Paul Samuelson, 1915 - 2009

Paul Samuelson died over the weekend, at age 94. He was born in Gary, Indiana (one of two Noble prize winners in Economics born in Gary, a remarkable enough fact), and he changed the world, in a very real sense.

Samuelson transformed economics, both through his scholarship (starting with Foundations of Economic Analysis, and going on from there) and through his textbook, Economics (recently co-authored by William Nordhaus). Unlike a lot of economists, he did not write books (either scholarly or popular), but published extensively in a large number of fields. What do I mean by a large number of fields?

He developed the theory of revealed preference and used it to derive both product demand curves and consumer surplus.

His doctoral dissertation (Foundations of Economic Analysis) demonstrated how advanced mathematical tools could be applied to problems in economic theory.

He developed and formalized the accelerator principle in macro theory.

He did work in trade theory, notable drawing out implications of the Heckscher-Olin trade hypothesis and developing the Stolper-Samuelson theorem.

He formalized the theory of public goods (building on the work of Richard Musgrave).

He extended the overlapping generations model.

With Robert Solow and Robert Dorfman, he developed the application of linear programming analysis to economics.

He pioneered the analysis of stock market prices; his work laid the groundwork for the studies that led to an Economics Nobel for Robert Merton and for the development of the Black-Scholes formula for valuing complex financial instruments.

He was responsible for the neoclassical synthesis in macroeconomics.

And that's just a taste of what he accomplished.
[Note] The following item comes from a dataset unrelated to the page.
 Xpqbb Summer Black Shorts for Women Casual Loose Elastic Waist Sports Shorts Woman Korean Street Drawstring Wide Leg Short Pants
His textbook, Economics, which first appeared in 1947 and is now in its 19th edition, transformed the teaching of economics. Virtually every economics textbook currently available has borrowed the structure of Samuelson's book--and much of its analytical content. Whether they have used his book or not, every economics instructor and every economics student has bee influenced by it.

Keynes once wrote: "The ideas of economists and political philosophers, both when they are right and when they are wrong, are more powerful than is commonly understood. Indeed, the world is ruled by little else. Practical men, who believe themselves to be quite exempt from any intellectual influences, are usually the slaves of some defunct economist. Madmen in authority, who hear voices in the air, are distilling their frenzy from some academic scribbler of a few years back. I am sure that the power of vested interests is vastly exaggerated compared with the gradual encroachment of ideas…. But, soon or late, it is ideas, not vested interests, which are dangerous for good or evil…"

Samuelson laid the basis for much that economists have created in the past 70 years. It has been mostly for good. His presence will be missed, but his example should continue to inspire and to stimulate economists well into the future.